Over the past few centuries, we’ve been through three iterations of industrial revolutions. But now, firmly in the fourth, we are on the steepest learning curve of our lives as the technological evolution rapidly changes how we will live, work, play and, most importantly, learn.
Throughout time, however, the key and constant ingredient to any excellent education system has lain with the teachers who, with the right mindset, have taken the lead to empower themselves with whatever tools and content they’ve been able to access, in order to make a difference in the lives of those they teach.
There have been many times when this has been challenging. Most recently, we saw this in South Africa when Outcomes Based Education was introduced in the 1990s – and no less so today, with the technical skills and pedagogy that are now required to take teaching successfully online.
We do, of course, find ourselves in a highly unforeseen situation that – in just under a year – has accelerated the need for digital education tenfold, with schools having been closed for long periods and an uncertain and, very likely, social-distanced future ahead of us. The crucial factor right now is to ensure that education continues, in whatever classroom – real or virtual – that lies ahead in 2021 and beyond.
Of course, the online teaching experience is vastly different to the face-to-face, traditional classroom; no one can deny this, and fear of the unknown is always understandable.
But it takes courage to become a teacher in the first place. It is, after all, a critical leadership role that will influence the very formation of others for the rest of their lives. Therefore, drawing on the same courage that led teachers to teach initially, the learning environment is now encouraging them to believe in themselves once again – and to take the step into what may be a virtual classroom, but one in which they play no less of an important role. To quote American educator Salman Khan, of the Khan Academy: “I have never viewed technology as a replacement for the human experience. I viewed it as something that could liberate the human experience.”
There has of course been much international debate around how best to teach online and even how well it works, with many additional factors to now consider that teachers would not traditionally have had to take into account, even just a few years ago.

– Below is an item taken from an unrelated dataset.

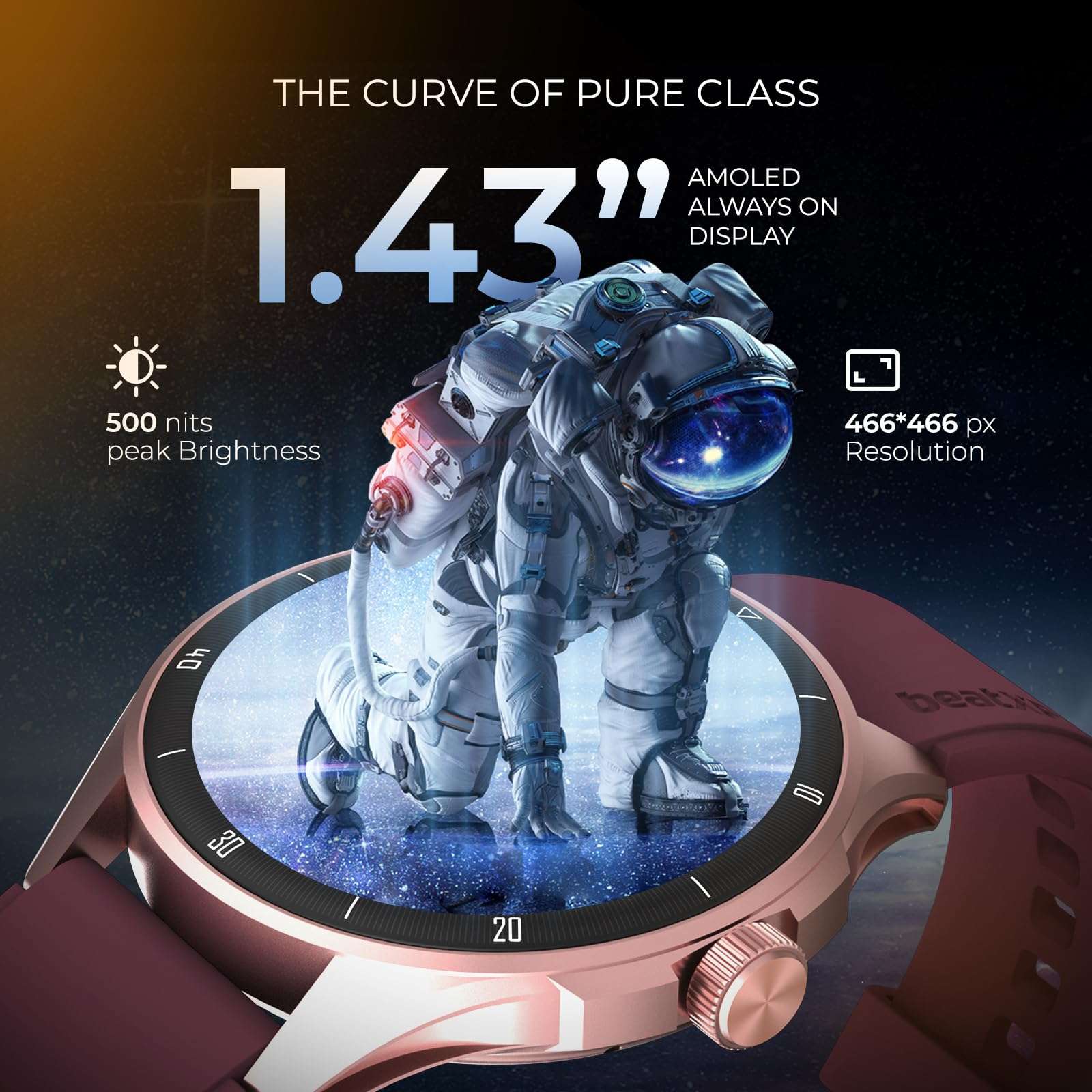 beatXP Vega Neo 1.43" (3.6 cm) Super AMOLED Display, One-Tap Bluetooth Calling Smart Watch, Metal Body, 466 * 466px, 500 Nits Brightness (Gold & Deep Wine) 4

For example, will teachers now best deliver lessons live, with teaching being synchronous? Or will they pre-record these and provide them in an asynchronous fashion for learners to access whenever the time is best for them? And do learners have access, in the first place, to good internet connectivity that would enable them to be taught online at all?
These are the questions we have been interrogating ourselves as Via Afrika. Having made resources available to teachers, learners and parents for a number of years, we’ve now expanded our focus. We’ve met the challenge to provide insight overall not only into the digital world, but with specific emphasis on training teachers both online and face-to-face through a “Teaching Online” course offered as one of the options, via our Digital Education Academy.
In many ways, we are all encountering a new online world with the same uncertainties around to what extent our lives will be disrupted. For the learners who are our future, they are now being educated towards jobs that often do not even yet exist. If teachers are to continue providing the critical leadership role to learners that they always have in our society, we need to support them in whatever way we can to make the journey one they can travel with confidence.